Charlotte Forever: Charlotte Perriand In 20 Emblematic Pieces

Charlotte Forever: Charlotte Perriand In 20 Emblematic Pieces


Without a doubt the woman who best embodies the transition of interior design in the second half of the 20th century, Charlotte Perriand’s designs – along with her close working relationships with such architectural masters as Le Cortusier and Jean Prouvé – have earnt her an integral role in the history of modern design. Articurial has gathered 20, carefully selected lots to best showcase the designer’s talent at this year’s FIAC.

Take a look through our favourites ahead of the auction on October 24 2017 in Pairs, at Articurial.

The only woman in the “French Masters”, Perriand was one of very few women who successfully integrated themselves into the (at the time) male-dominated architectural world.
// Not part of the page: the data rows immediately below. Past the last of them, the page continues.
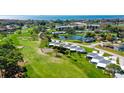 Aerial view of community near golf course and bay at 5923 43Rd W St, Bradenton, FL 34210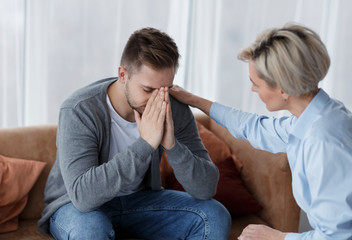 Professional Psychologist Comforting Crying Man During Appointment In Office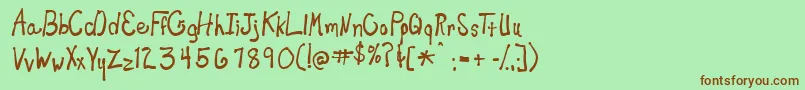 New Toy Font – Brown Fonts on Green Background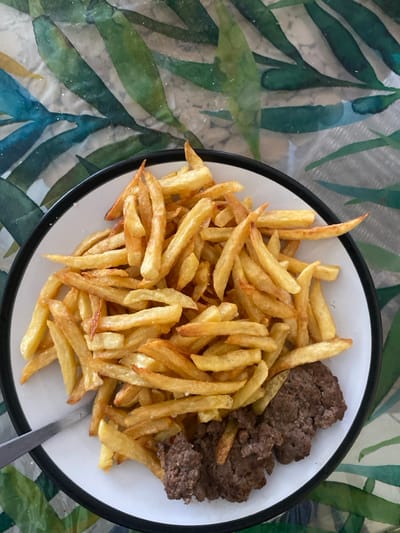 The image displays a meal served on a white plate with a black rim. The plate contains a substantial portion of golden-brown french fries occupying most of its area. To the bottom right, three irregular clumps of cooked ground meat, brown in color, are visible, partially obscured by the fries. A silver-colored fork handle is positioned at the bottom left, extending beneath the fries on the plate. The plate rests on a surface covered with a patterned tablecloth or placemat featuring large green and teal leaf motifs against a lighter, textured background. The scene is located in Capesterre-Belle-Eau, France. No individuals or active interactions are depicted.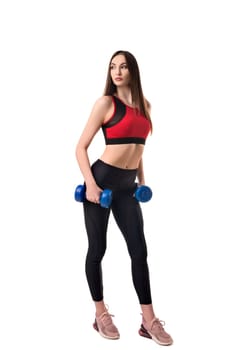 Beautiful fitness model exercising with dumbbells isolated full-length view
Perriand was discovered at 24 when her Bar sous le toit, featuring side tables and bar stools, received critical acclaim at the 1927 Salon d’Automne. Perriand was heavily influenced by her time spent in Japan from 1940-1942.

There, she held conferences on decorative arts and her functional, yet beautiful pieces were warmly received.

After a ten-year collaboration with Le Cortusier, Perriand chose to break free from architectural academia, to refocus on other theories that took into account functionality, well-being and leisure activities.

During the Fifties, when concrete was the favourable material, Perriand focused her attention on the warmth of wood.

Perriand was always concerned about social housing and wanted her designs to be accessible for everyone. In 1952, she designed the interior layout for the Maison de la Tunisie and Maison du Mexique as part of the Cité Université in Paris.

Inspired by the mountains, Perriand worked on many projects in the Alps, from the first buildings in Meribel-Les-Allues to the architectural design of Les Arcs.